Indeed, the vast majority of the decline is not in the Depression or the much more physically destructive World War II, but in the decade of World War I. Here is where capital simply plunges, falling by more than half in both France and Germany, and by about a third in Britain. What is curious is that the largest part of this decline is in foreign holdings, which simply collapse. His discussion of the increase in foreign assets in the nineteenth century involved the colonial empires of these nations, although this was not so important for Germany, which he really does not discuss. But, while Germany lost its foreign empire, if anything those of Britain and France increased due to WW I, reaching their peaks in the 1920s as they picked up former colonies of Germany, as well as ones in parts of the former Ottoman Empire. Piketty simply never acknowledges this.

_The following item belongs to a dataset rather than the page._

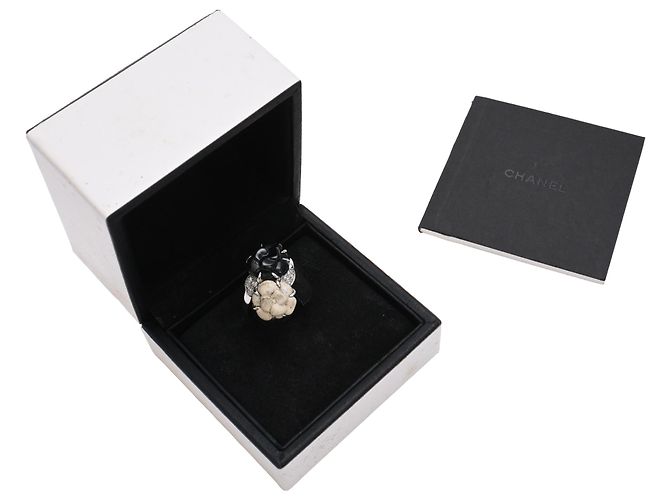 Timeless Anello Chanel Camélia Sculpte in oro bianco - vista 8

What else happened? Oh, the Bolshevik Revolution, which led to the repudiation of tsarist Russian debts, many of whose bonds were owned in these countries, and also the expropriation of foreign company holdings in Russia. Needless to say this has nothing to do with g.
So, a number of critics have argued that policy really drives all this more than his grand dynamics of r and g. Offhand looking at his own numbers, this would appear to be the case. In many decades what is happening to distribution is going in quite the opposite direction from what should be the case if one just looks at r and g (mostly just g). If it is not policy that is causing this, it is some exogenous shock.
Of course for his current policy discussion, he argues that everything is now working to increase inequality. The growth rate has fallen and policy has moved to favor the wealthy and those who inherit (particularly in the US on the latter). So, policy must be changed if we are not to end up a patrimonial capitalism. On that he probably is correct, but he may well have overstated the role of his grand dynamics and understated the role of everything else in his discussion, even as he provides many caveats on this point.